SelectFromModel is a meta-transformer that can be used along with any estimator that has a coef_ or feature_importances_ 
attribute after fitting. 

The features are considered unimportant and removed, if the corresponding coef_ or feature_importances_ values are below 
the provided threshold parameter. 

Apart from specifying the threshold numerically, there are built-in heuristics for finding a threshold using a string argument. 

Available heuristics are “mean”, “median” and float multiples of these like “0.1*mean”.

### Example 1: Fit a Random Forest model and use SelectFromModel to keep important features

In [18]:
from sklearn.datasets import load_boston
from sklearn.feature_selection import SelectFromModel
from sklearn.ensemble import RandomForestRegressor

from sklearn.model_selection import train_test_split

Xtrain, Xtest, ytrain, ytest = train_test_split(boston.data, boston.target,
                                                random_state=0)

forest = RandomForestRegressor(n_estimators=200)
formodel = forest.fit(Xtrain, ytrain)


print()

print(formodel.feature_importances_)


[0.03809578 0.00089448 0.00756718 0.00120545 0.01594091 0.3939216
 0.01391059 0.03554424 0.00360569 0.01893587 0.02171648 0.01040486
 0.43825687]


In [26]:
# Set a minimum threshold of 0.25
sfm = SelectFromModel(formodel, threshold=.25)
sfm.fit(Xtrain, ytrain)
Xtrain_new = sfm.transform(Xtrain) # transform data to insert into new model

print(Xtrain_new[0:5,:]) #only two variables in X now

print(Xtrain.shape) #compare to original data with 13 variables

[[ 5.605 18.46 ]
 [ 5.927  9.22 ]
 [ 7.267  6.05 ]
 [ 6.471 17.12 ]
 [ 6.782 25.79 ]]
(379L, 13L)


### Example 2: Fit a Lasso model and use SelectFromModel to keep important features

In [39]:
from sklearn.linear_model import Lasso
from sklearn.feature_selection import SelectFromModel

lassomodel = Lasso(alpha=10).fit(Xtrain, ytrain)
model = SelectFromModel(lassomodel, prefit=True) # prefit argument allows non zero features to be chosen
                                                 # from regularized models like lasso
    
X_new = model.transform(Xtrain) # transform data to insert into new model

print(lassomodel.coef_)
print(X_new.shape) #down to four variables from 13



[-0.          0.03268736 -0.          0.          0.          0.
  0.         -0.          0.         -0.01155886 -0.          0.00679307
 -0.54971232]


(379L, 4L)

# Using Recursive Feature Elimination to Choose Model

Given an external estimator that assigns weights to features (e.g., the coefficients of a linear model), the goal of recursive feature elimination (RFE) is to select features by recursively considering smaller and smaller sets of features. 

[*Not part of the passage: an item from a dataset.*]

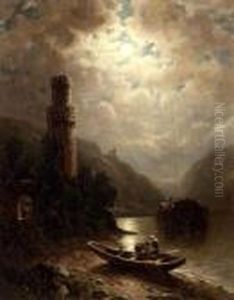 River Crossing By Moonlight. River Crossing By Moonlight.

First, the estimator is trained on the initial set of features and the importance of each feature is obtained either through a coef_ attribute or through a feature_importances_ attribute. 

Basic algorithm:
Start with full model.  Run series of models that evaluate prediction error on ytrain after dropping a feature.  Repeat for all features.  Drop feature that is helps least in predicting ytrain.  Repeat process with n-1 features...

Then, the least important features are pruned from current set of features. That procedure is recursively repeated on the pruned set until the desired number of features to select is eventually reached.

In [61]:
#EXAMPLE:  RFE to find 5 features that help model predict the best:

from sklearn.linear_model import LinearRegression
from sklearn.feature_selection import RFE

estimator = LinearRegression().fit(Xtrain, ytrain) #model with all X variables


selector = RFE(estimator, 5, step=1) # step tells RFE how many features to remove each time model features are evaluated

selector = selector.fit(Xtrain, ytrain) # fit RFE estimator.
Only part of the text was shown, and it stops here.